Thursday, March 24, 2011


One of the most remarkable aspects of Jimmy Governor was his 'hit list' of people he deliberately set out to kill.
I doubt if the 20th century American gangster, Al Capone, had one as long as his!
All on his list had offended him, his sense of pride in who he was, in one way or another.
Within the Aboriginal culture, 'pay back' for serious offences against another was publicly meted out by spearing the transgressor in the thigh.
An offence was paid back in blood.
This was the centuries' old traditional way of righting a wrong.
But ritual spearing was not an option for a part-Aboriginal man living in white society.
Or rather, one stuck between the white world and the black.
So Jimmy used a rifle to shoot or bash his victims, or a traditional Aboriginal club.
A tomahawk was his brother Joe's weapon of choice.
Bashing a human being's brains out must not have been all that different to killing a possum, something the brothers did regularly while they were living on the Mawbey property at Breelong.
They did it for the meat and the skins.

The murders at Breelong, of four members of the Mawbey family and their school teacher, was to do with current grievances of Jimmy and his wife Ethel, not longstanding ones from the past.
But these current grievances were based on ones from the past, on abuse inflicted on both of them by other people, not the Mawbeys.
In committing such atrocities against the Mawbey family, Jimmy knew he had drawn up his own death sentence.
They would be out gunning or him now.
So instead of trying to escape the arms of the law, Jimmy embarked on a targetted campaign of retribution against anyone who had done him wrong.
He had taken the first step toward infamy and his own self-destruction and now he had nothing to lose.
He wanted to complete all his unfinished business before departing this world.
And to top it all off, he wanted to go down in history as Australia's greatest murderer.
He was a proud man, and wanted to be remembered as some type of hero, a 'somebody'.

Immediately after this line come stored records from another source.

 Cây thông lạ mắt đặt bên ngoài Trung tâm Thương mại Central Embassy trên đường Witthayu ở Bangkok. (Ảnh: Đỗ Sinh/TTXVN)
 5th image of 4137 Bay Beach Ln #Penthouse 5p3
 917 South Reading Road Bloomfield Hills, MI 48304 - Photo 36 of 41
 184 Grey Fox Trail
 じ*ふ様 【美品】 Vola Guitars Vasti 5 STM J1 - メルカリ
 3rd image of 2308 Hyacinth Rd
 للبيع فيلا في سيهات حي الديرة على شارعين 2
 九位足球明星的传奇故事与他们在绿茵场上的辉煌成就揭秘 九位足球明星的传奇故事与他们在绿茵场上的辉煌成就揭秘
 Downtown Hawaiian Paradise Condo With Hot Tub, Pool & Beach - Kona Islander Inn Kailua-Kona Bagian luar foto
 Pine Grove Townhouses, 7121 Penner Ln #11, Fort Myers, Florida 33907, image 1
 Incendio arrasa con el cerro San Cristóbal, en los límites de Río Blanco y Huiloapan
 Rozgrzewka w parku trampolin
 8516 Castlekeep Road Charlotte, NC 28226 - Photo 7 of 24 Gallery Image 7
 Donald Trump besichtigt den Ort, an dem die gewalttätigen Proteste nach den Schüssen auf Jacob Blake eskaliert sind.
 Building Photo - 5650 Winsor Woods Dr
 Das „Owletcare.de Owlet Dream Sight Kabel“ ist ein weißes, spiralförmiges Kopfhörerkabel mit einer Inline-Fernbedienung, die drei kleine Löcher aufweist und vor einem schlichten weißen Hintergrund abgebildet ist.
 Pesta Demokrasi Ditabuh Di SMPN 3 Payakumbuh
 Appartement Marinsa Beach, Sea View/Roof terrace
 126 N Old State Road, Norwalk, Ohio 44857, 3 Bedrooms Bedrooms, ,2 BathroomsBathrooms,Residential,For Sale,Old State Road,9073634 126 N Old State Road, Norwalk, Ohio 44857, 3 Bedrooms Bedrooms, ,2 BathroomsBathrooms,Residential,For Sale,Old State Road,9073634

The first person on his 'hit list' he found was 70-year-old Scot, ALEXANDER (Sandy) McKAY.
According Moore and Williams, McKay (aka 'Mackay') had threatened to whip Jimmy because he had been making sexual advances to an orphaned young woman in his care.
The unarmed old man was attacked from behind while pruning a fig tree at the back of his house.
The Governor brothers then went to the house and hit his wife on the head with a tomahawk, injuring but not killing her outright.

Next on Jimmy's hit list was Irishman MICHAEL (Mick) O'BRIEN.
I have recently been told on good authority that Mick was a former friend of Jimmy's who had gotten into a fight with him and threatened to kill him on a fishing expedition.
Mick was out collecting firewood when Jimmy and Joe arrived at his house.
Inside were his 30-year-old heavily pregnant wife, Lizzie, their 15-month-old son, James, and a midwife, Catherine Lalor.
The brothers bashed the pregnant mother and her living child to death, the mother with a tomahawk and the boy with a rifle butt.
They also shot the midwife and left a threatening note for Mick on a butt in his chequebook.

Next on their hit list was 80-year-old Irishman, KIERAN (correct spelling 'Kyrien' as in Catholic Latin Mass prayer, 'Kyrie' - 'Lord have mercy') FITZPATRICK.
Moore and Williams say he had poisoned Jimmy's dogs while he was working for him.
This could have been by accident or design.
Fitzpatrick had been warned that Jimmy was coming to take him out, but he decided to defy the odds.
He lost.

Moore and Williams say that while Ethel Governor was in custody at Mudgee, she named 15 probable victims on Jimmy's 'hit list'.
Among them were McKay, O'Brien and Fitzpatrick, all of whom her husband succeeded in killing, either directly or indirectly.
Others who managed to avoid him were:
Thomas Carney, W Gawthorne, Henry Neville, Gee Li (Chinese market gardener and former next door neighbour of Jimmy's father), Joshua Davis, Joseph and Henry Single, Henry Whitfield and others.

Moore and Williams say Jimmy had announced his own hit list:
Sub-inspector Cameron, Hugh McMaster, Lennox, Theo Burnett Jr, Paddy Buckley,
T Woods, H Turvey, Starr, J Dowland, Thomas Hughes, Andy Doyle and others
That's at least another 23 targeted potential white murder victims.

Then there were the blacks living on the Wollar reservation he wanted to kill:
all his brothers, sisters and cousins (but not his mother and uncle); old Jimmy Coombes; Eliza, Kitty and Molly; Tommy Picton; and Jacky Corks, husband of his sister, Tottie.
According to Moore & Williams*, Joe Governor said he would protect his cousin, Jolly, but would shoot all the other gins there.
The whole thing is unspeakable in anybody's language, which is probably why I am struggling to find words to sum it up.

*The True Story of Jimmy Governor by Laurie Moore and Stephan Williams.